Agustin Fuentes and Natalie Porter, the authors of the Kinship keyword, lay out two definitions of kinship that have a scholarly split. The first is the idea of “biological” kinship, relationships we are born into that rely on the ideas of a biological inheritance and lineage. The second is a “logical” kinship, relationships that we choose or construct that have a basis more in the cultural bonds that we create. They posit that these definitions are human-centric and that rather than choose a single definition (either biological, logical, or even that kinship is both) that decentering the human experience and thinking about a multispecies kinship can help expand or transcend those distinctions.
In particular, if considered through the lens of different species interacting, biological and logical kinship can intertwine. Using Donna Harway’s definition they tell us that “making kin entails bioculturally, biotechnically, biopolitically, and historically situated people acting in relation to and combining with other species assemblages as well as biotic and abiotic forces.” (184) And bringing in other species allows the use of a new frame, that “approaching kindship as a multispecies process moves the concept beyond the enactment of inheritance and into the realm of potentialities of exchange and the construction of relations.” (184)
The authors look at examples of our historical and present-day kinship with viruses, canines, chickens, and monkeys to show how human to animal relations can complicate the biological/logical distinction. With viruses, they point out the relational process of virus and host; with canines, the intertwined history between humans and wolves that shaped the trajectory of both species; with chickens the consistent predator prey relationship that has led from kidnaping the red jungle fowl all the way to industrial factory farming; and with monkeys, the sibling like rivalry between our species.

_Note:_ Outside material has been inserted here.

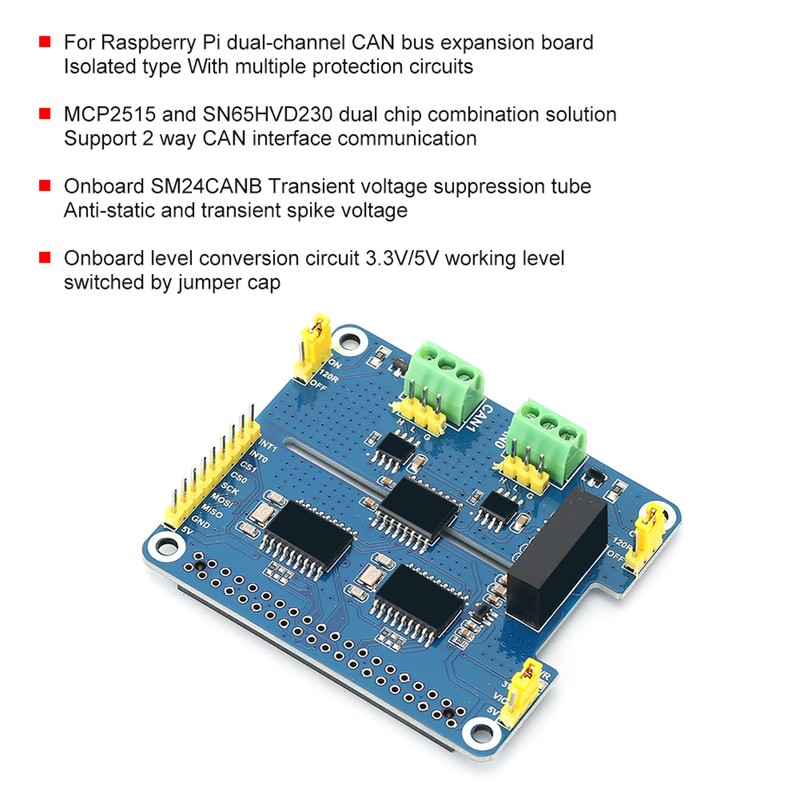 CAN Module Bus Line Dual Channel Isolated Onboard Protection Circuit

This broad reading of multispecies kinship that focuses on the building of relationships allows us to both better see and more specifically critique the ways that different species act on one another. Although the authors don’t touch on it through this article, there is a lot of space to use the ideas of kinship in examining children’s literature, and particularly stories that explore close bonds between child and animal or the relational narrative between two animal specifies or amongmany animals. Using the concept of kinship and the different ways that nature and culture play on one another could bring a new layer of exploration to stories like Charlotte’s Web, Frog and Toad, Winnie the Pooh, and Cinnamon that are so grounded in the relationships between species.

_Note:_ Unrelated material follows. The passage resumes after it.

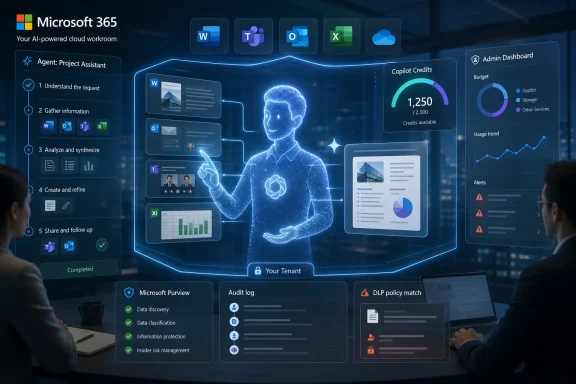 Microsoft 365 dashboard graphic shows an AI agent working with Office apps, credits, and admin analytics. Microsoft 365 dashboard graphic shows an AI agent working with Office apps, credits, and admin analytics.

It also opens up connections between religious studies and animal studies. In particular, this expansive definition of kinship has much in common with many Buddhist teachings, particularly the concept of interbeing most associated with Thich Nhat Hanh. This concept, that nothing exists on its own but that every phenomenon, whether it be person, animal, plant or object, is intricately connected to every other thing in existence. There would be rich inquiry into the ways that multispecies kinship either mirrors interbeing or comes up short, and whether the concept of kinship can be expanded further beyond the animal/human intermingling to include other living and non-living things and if there is a use in doing so.
These ideas also have salience in conversations within political movements, most obviously the animal welfare and climate change movements. The concept of a multispecies kinship and the understanding of the ways that all species build relationships with each other that continue to affect our futures could potentially be powerful for those attempting to showcase the importance of care-taking the world around us. The idea of kinship or ‘making kin’ as the authors defined, often comes up in social movements, particularly those based in mutual aid or relational politics, broadening the term might create space for a new conversation and new connections between activists focused on improving human conditions and those focused on animal or environmental conditions.